Neue Kunden, neue Runden. Das gilt auch für Mitarbeiter. Ein- oder Ausstand, das lässt man sich doch gerne etwas kosten. Auch Sie als Arbeitgeber werden sich nicht lumpen lassen. Geschenke unterliegen dabei der Steuer – wenn Sie es richtig machen, aber nicht immer ganz.

Besteuerung Geschenke

Wie teuer darf ein Geschenk sein?

Kommt drauf an, ob es für das Geschenk einen besonderen Anlass gibt oder nicht.
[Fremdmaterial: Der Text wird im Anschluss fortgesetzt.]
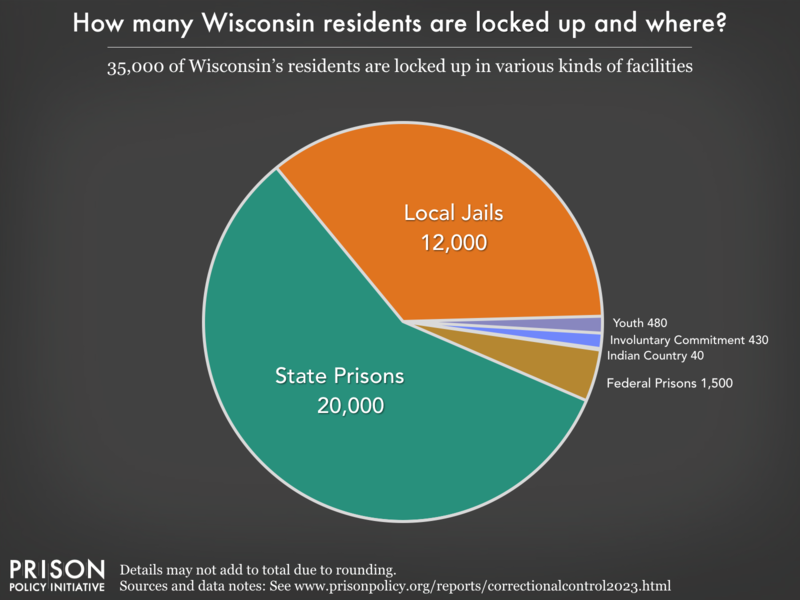 Pie chart showing that 41,000 Wisconsin residents are locked up in federal prisons, state prisons, local jails and other types of facilities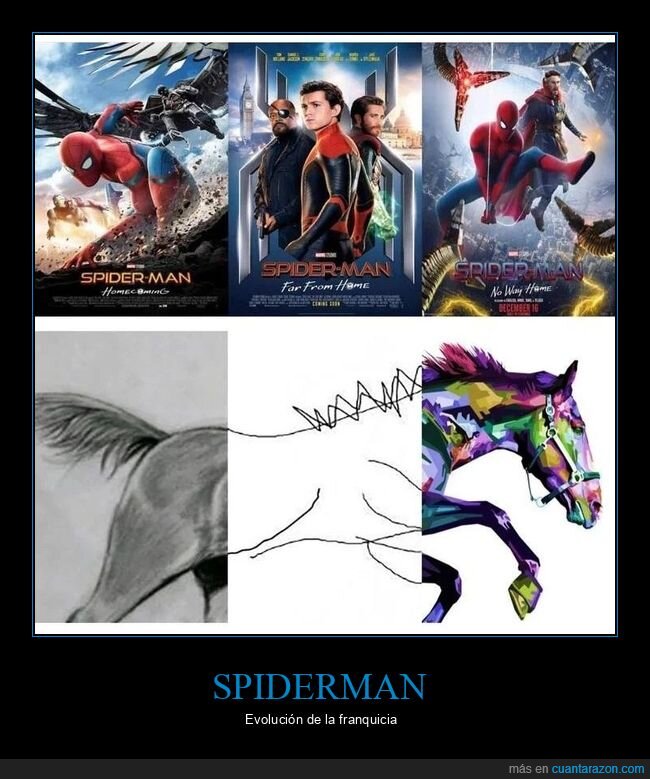 spiderman,películas
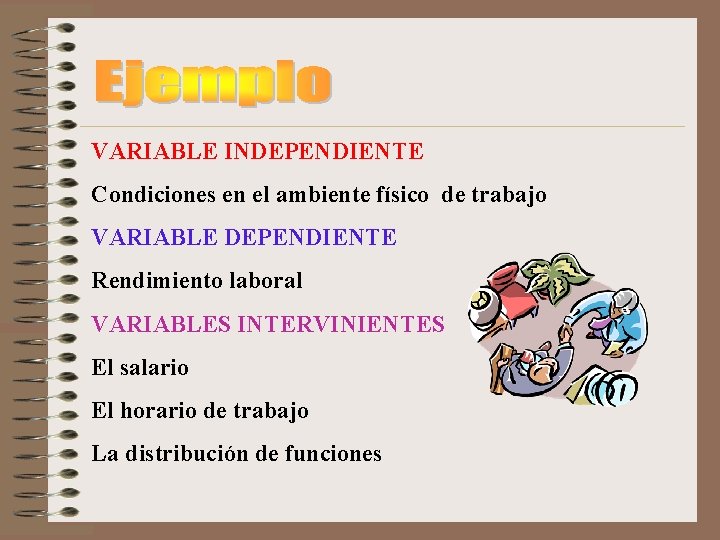 VARIABLE INDEPENDIENTE Condiciones en el ambiente físico de trabajo VARIABLE DEPENDIENTE Rendimiento laboral VARIABLES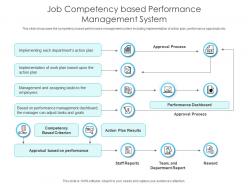 Job competency based performance management system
In Deutschland gibt der Anlass eines Geschenks den Ausschlag für die steuerrechtliche Behandlung. Ohne besonderen Anlass dürfen Sie als Arbeitgeber in Deutschland Ihren Mitarbeitern bis zu 528 Euro im Laufe eines Jahres etwas steuerfrei schenken. Aber nur Sachen, kein Geld direkt. Und Sie dürfen dafür monatlich nicht mehr als 44 Euro ausgeben. Ist das Geschenk teurer, wird es auch für Ihren beschenkten Arbeitnehmer teurer.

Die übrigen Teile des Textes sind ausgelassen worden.